*Instructions to follow*.
Set down every entry exactly as given. Pictures are to be left out.
*** Excerpted data ***
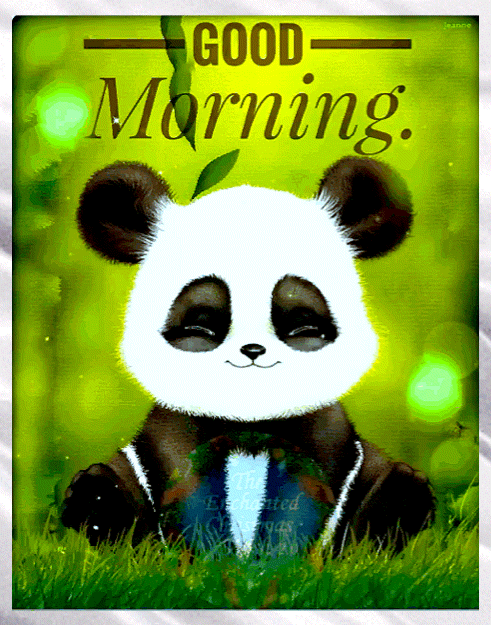 Good Morning Panda Photo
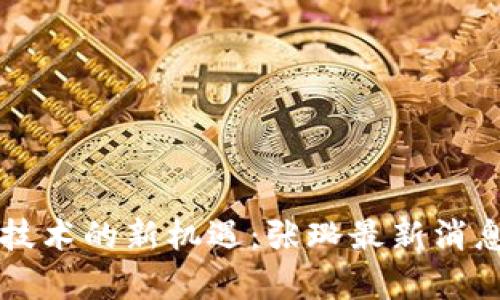 区块链技术的新机遇：张璐最新消息与分析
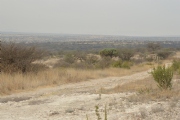 A1624985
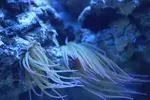 [TodoMarino.com] sufloreef 96l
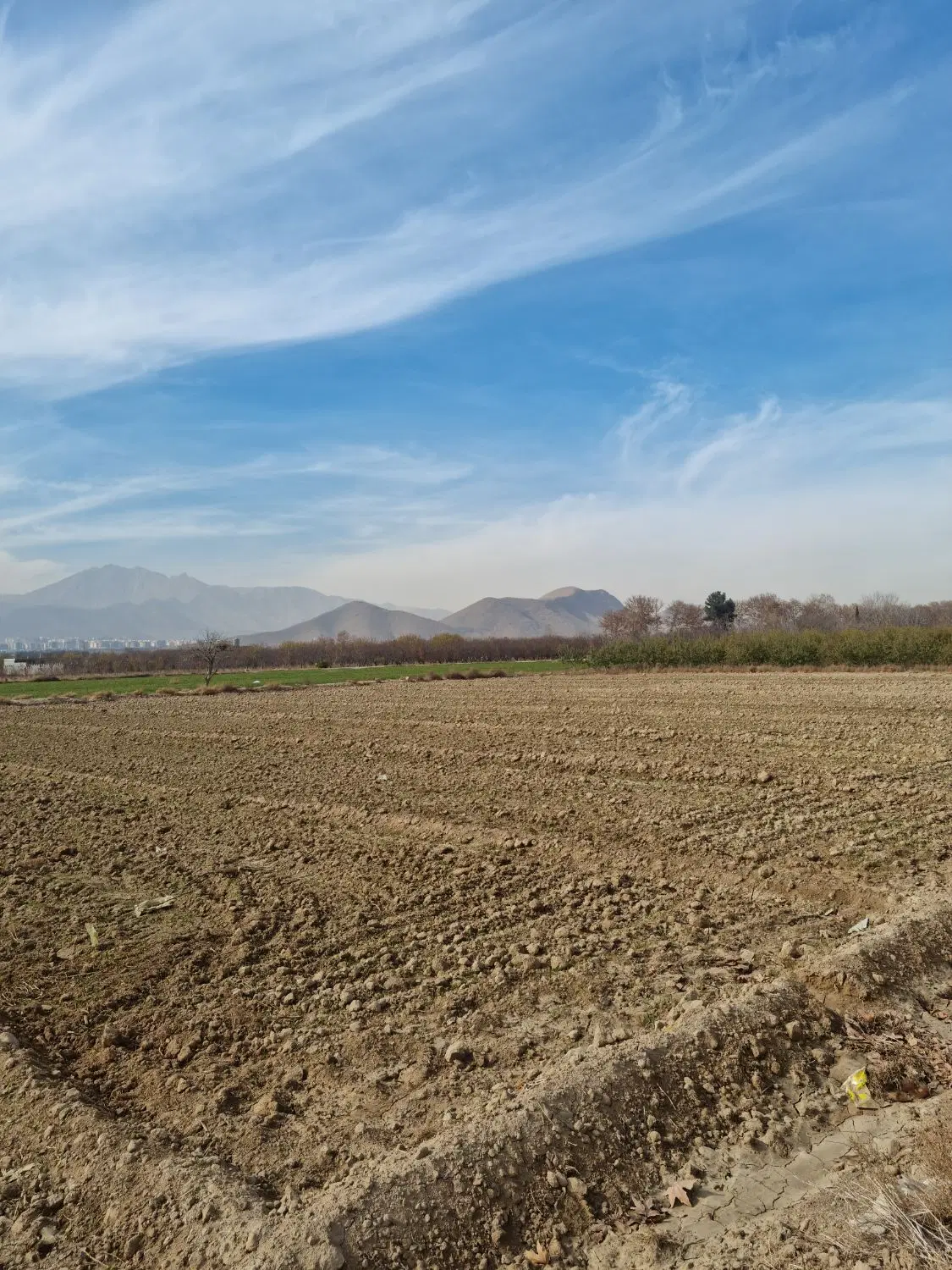 زمین کشاورزی جوزدان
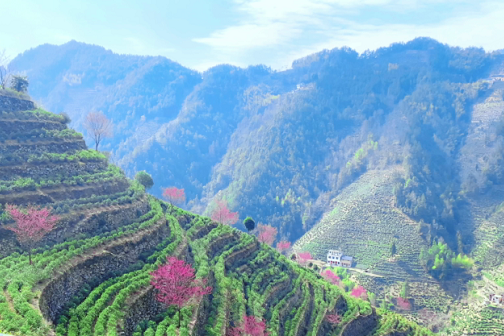 Cherry blossoms hit their prime in Huangshan's Wugongling village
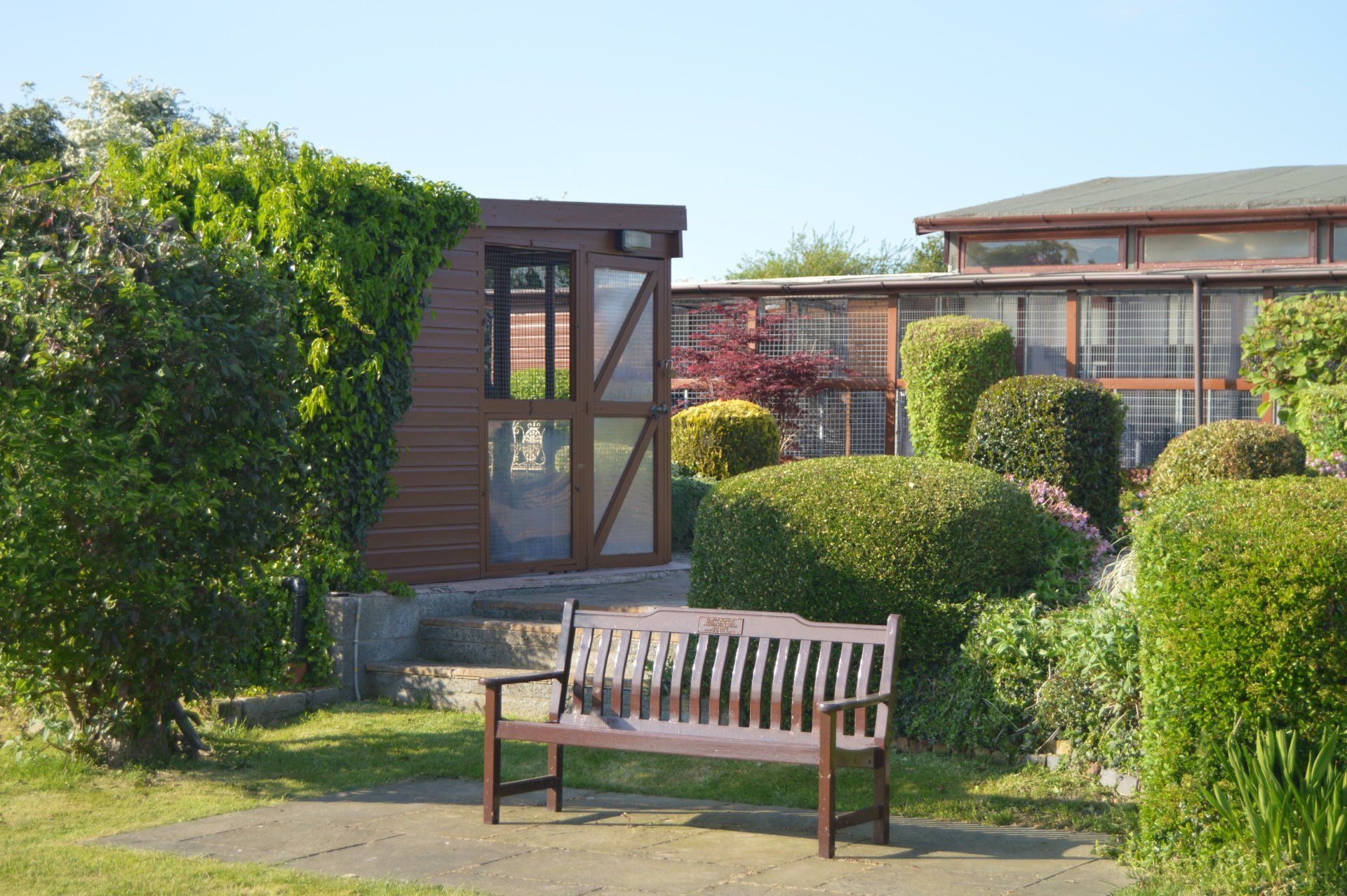 The Cattery photo example 8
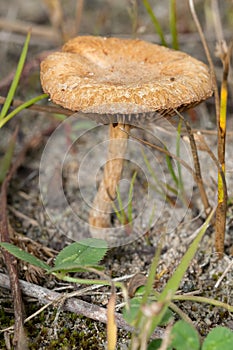 Common Fieldcap - Agrocybe pediades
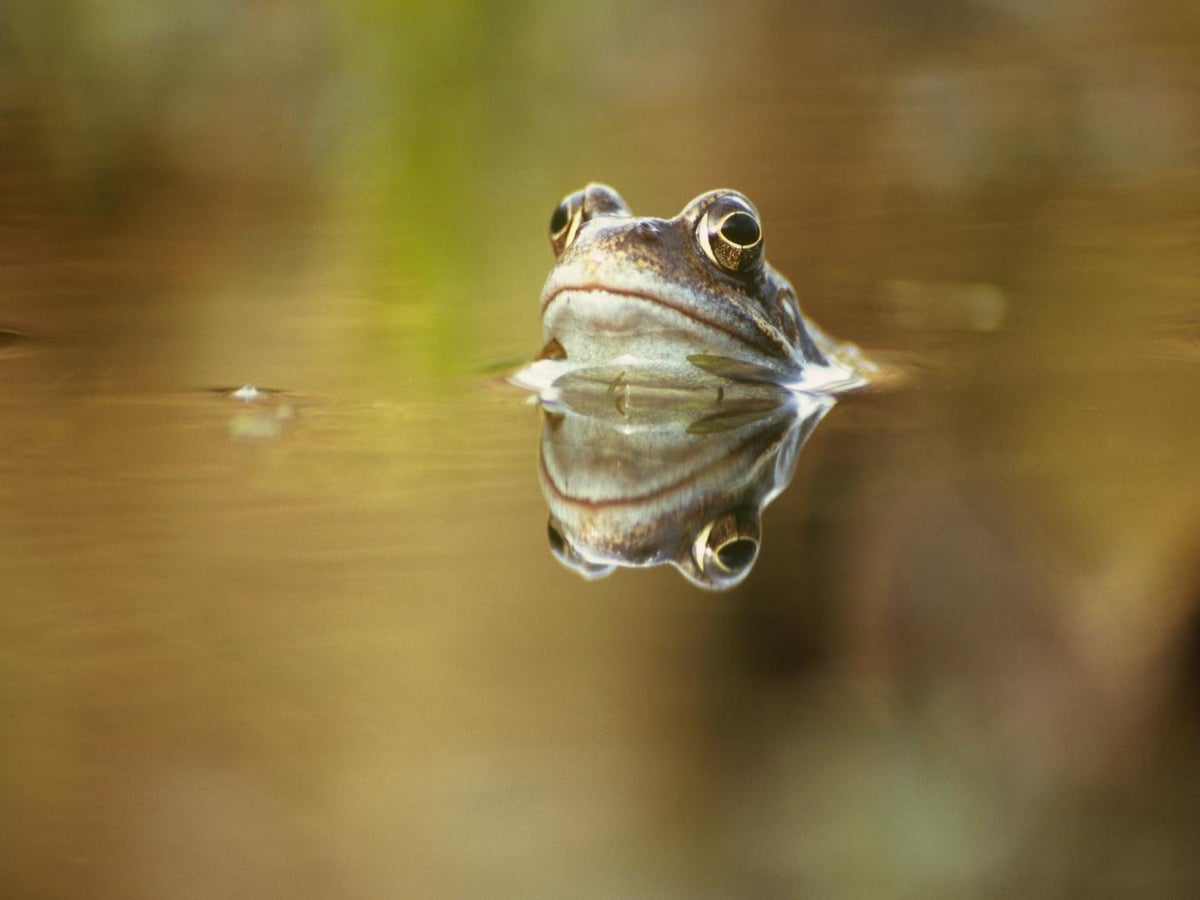 Female frogs fake death to evade unwanted male attention, study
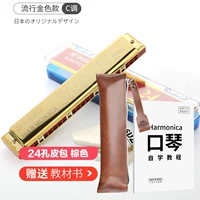 [24 -отвернка Популярное золото C Tone] Книга учебника+коричневая сумка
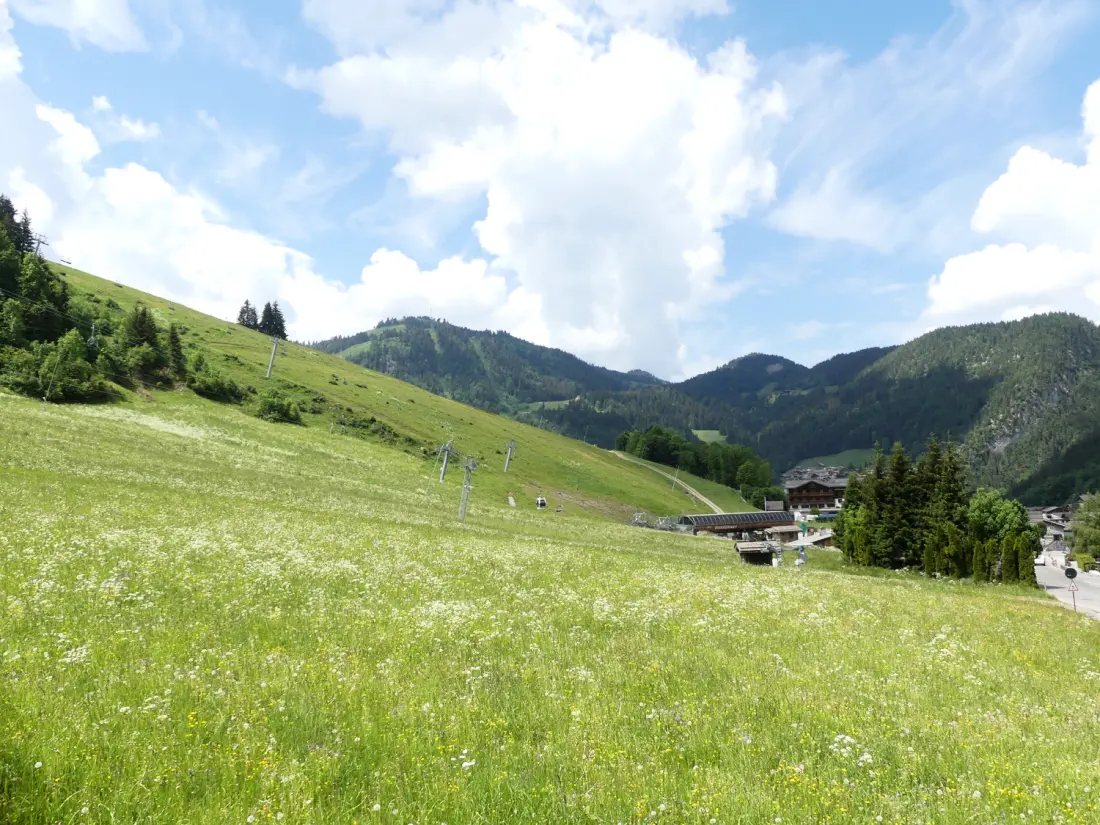 Chalets à La Clusaz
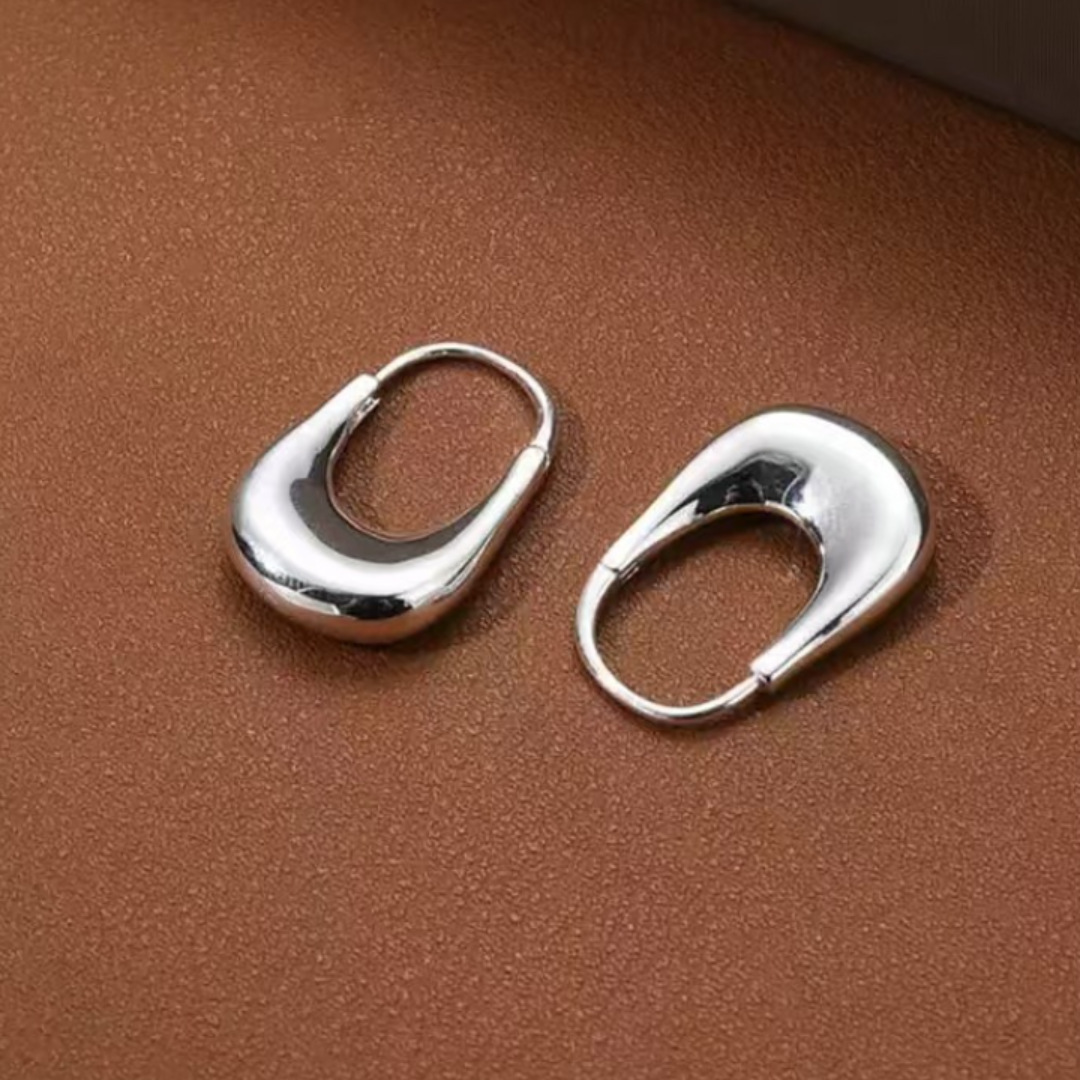 Aretes Cartera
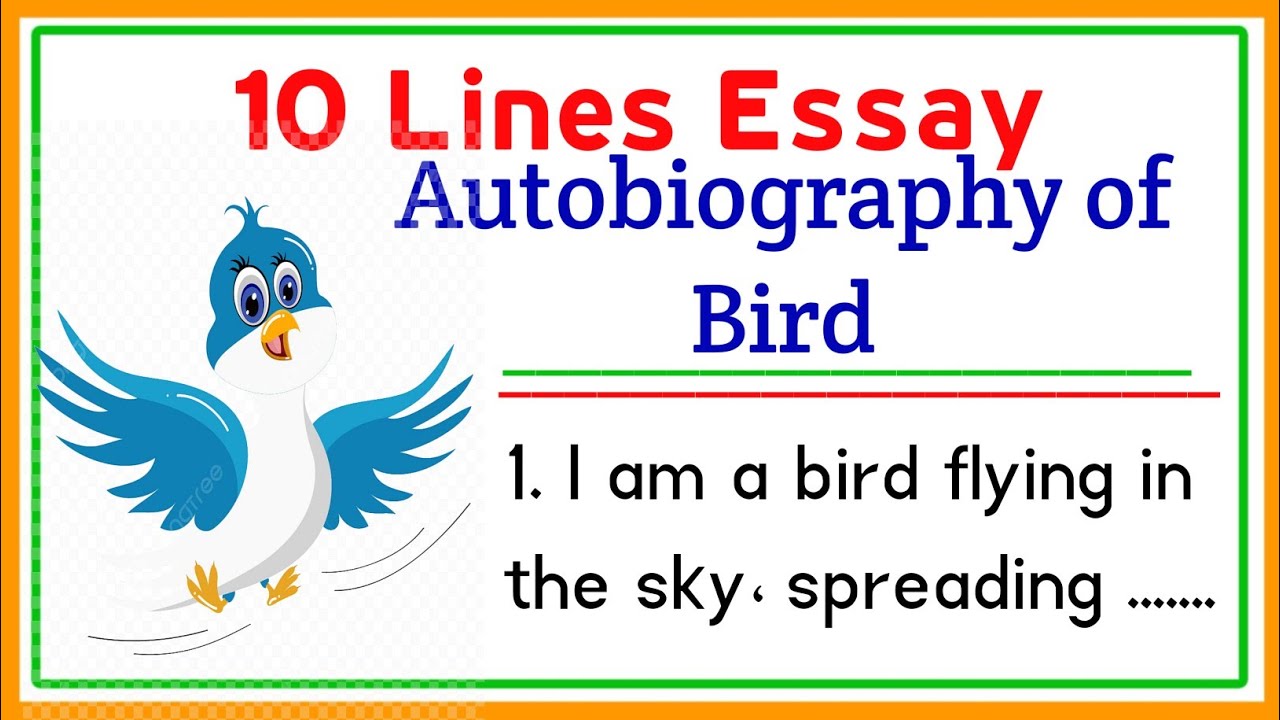 Autobiography Of A Bird 10 lines | Life Of A Bird | Essay On Autobiography Of A Bird in English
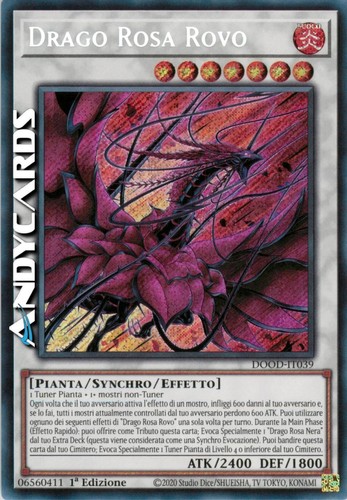 Drago rosa rovo bramble - •, (bramble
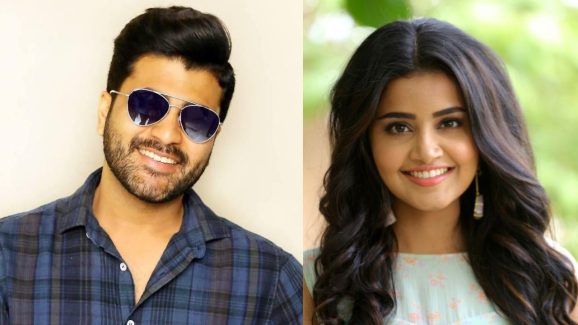 Sharwanand: సంక్రాంతి ఫార్ములాతో శర్వానంద్..  పక్కా షూర్ షాట్ గురు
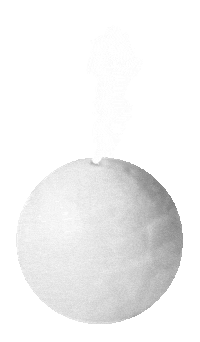 Essential Oil Wellness Sticker by POOSH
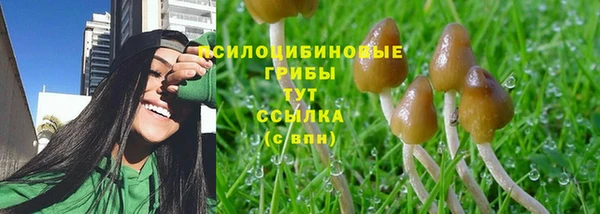мяу мяу мука Баксан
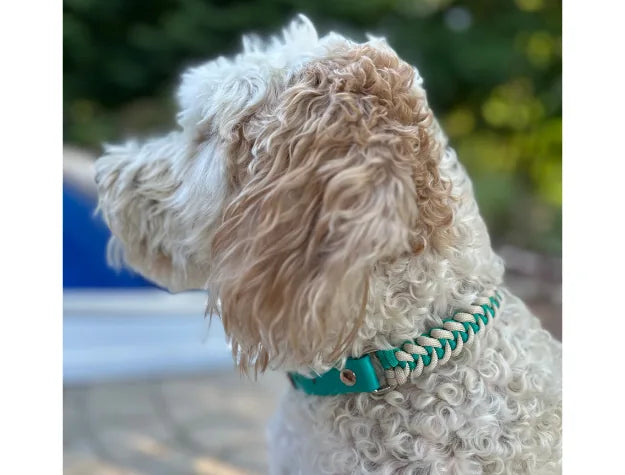 Teal and cream fishtail hand-braided dog collar on a curly-coated dog, showcasing its durable design and craftsmanship.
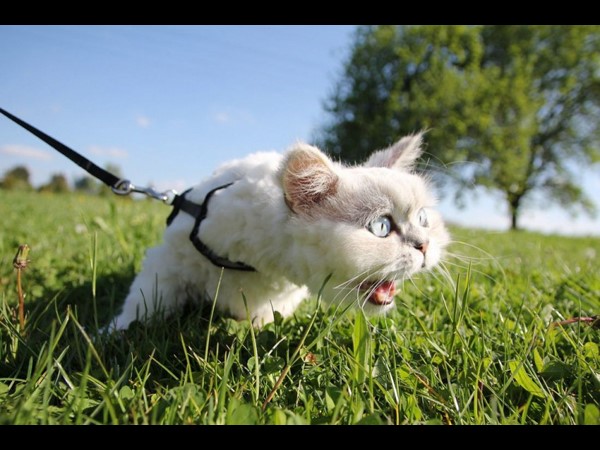 అంబరాన్నంటిన సోషల్ మీడియా జోష్!!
***
*Response box*.
 Good Morning Panda Photo
 区块链技术的新机遇：张璐最新消息与分析
 A1624985
 [TodoMarino.com] sufloreef 96l
 زمین کشاورزی جوزدان
 Cherry blossoms hit their prime in Huangshan's Wugongling village
 The Cattery photo example 8
 Common Fieldcap - Agrocybe pediades
 Female frogs fake death to evade unwanted male attention, study
 [24 -отвернка Популярное золото C Tone] Книга учебника+коричневая сумка
 Chalets à La Clusaz
 Aretes Cartera
 Autobiography Of A Bird 10 lines | Life Of A Bird | Essay On Autobiography Of A Bird in English
 Drago rosa rovo bramble - •, (bramble
 Sharwanand: సంక్రాంతి ఫార్ములాతో శర్వానంద్..  పక్కా షూర్ షాట్ గురు
 Essential Oil Wellness Sticker by POOSH
мяу мяу мука Баксан
 Teal and cream fishtail hand-braided dog collar on a curly-coated dog, showcasing its durable design and craftsmanship.
 అంబరాన్నంటిన సోషల్ మీడియా జోష్!!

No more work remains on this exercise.